■ YOUR INSTRUCTIONS
Reproduce the data below in full and to the letter, images excepted.

■ DATASET EXCERPT
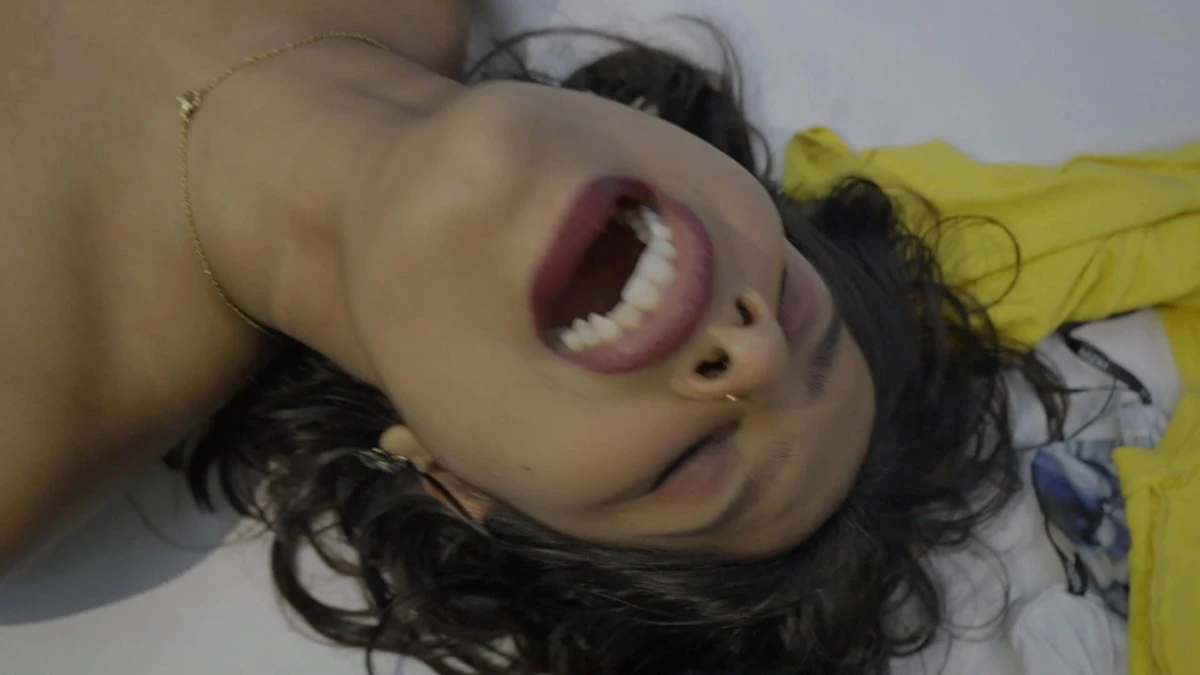 Honey Girl Has Sex With Hot Guy On First Meeting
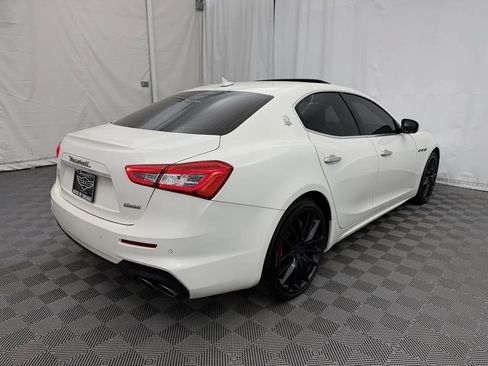 Used 2019 Maserati Ghibli S GranSport RWD image 5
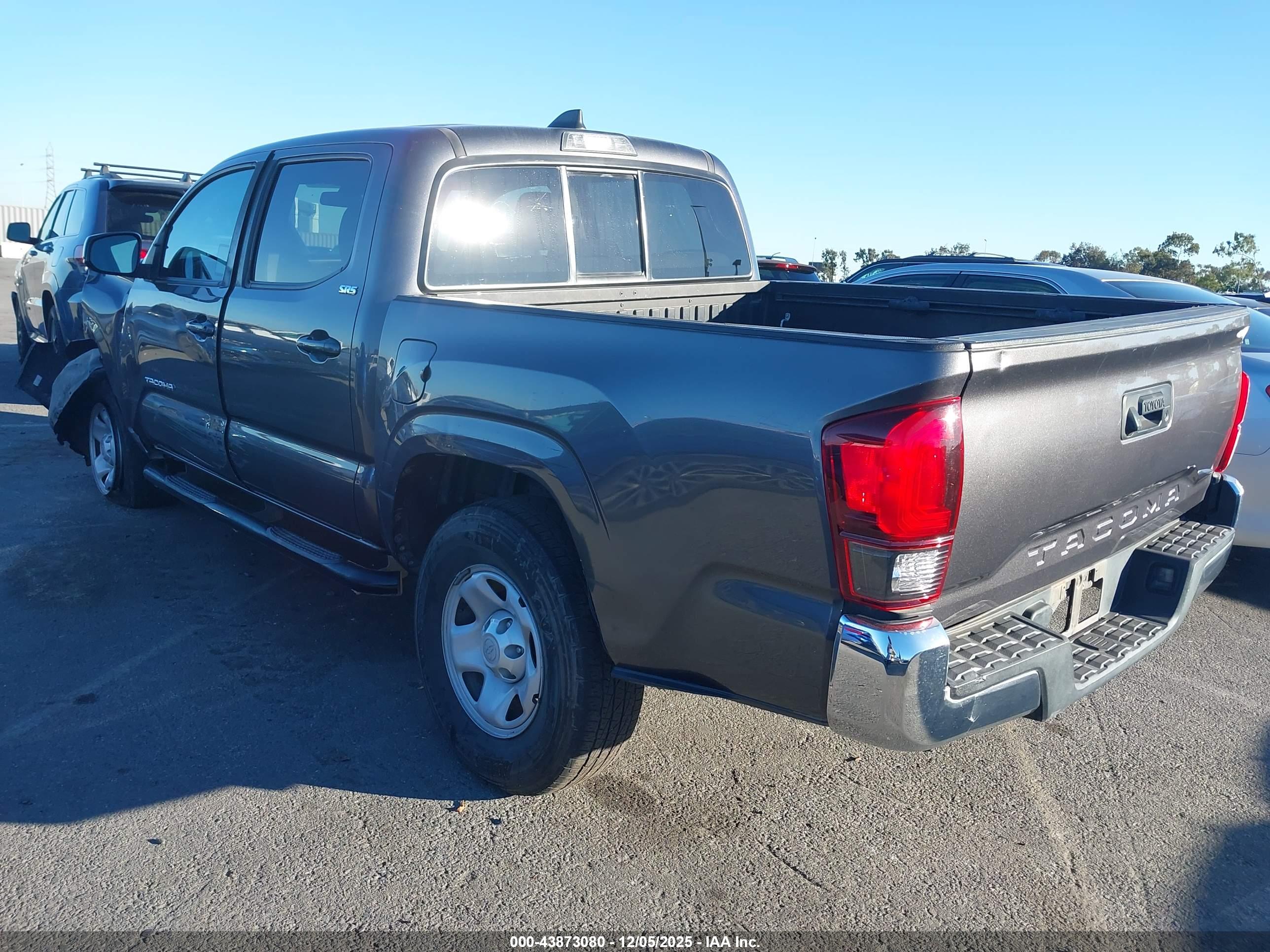 TOYOTA TACOMA image 3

■ REPLY TO THE EXERCISE
 Honey Girl Has Sex With Hot Guy On First Meeting
 Used 2019 Maserati Ghibli S GranSport RWD image 5
 TOYOTA TACOMA image 3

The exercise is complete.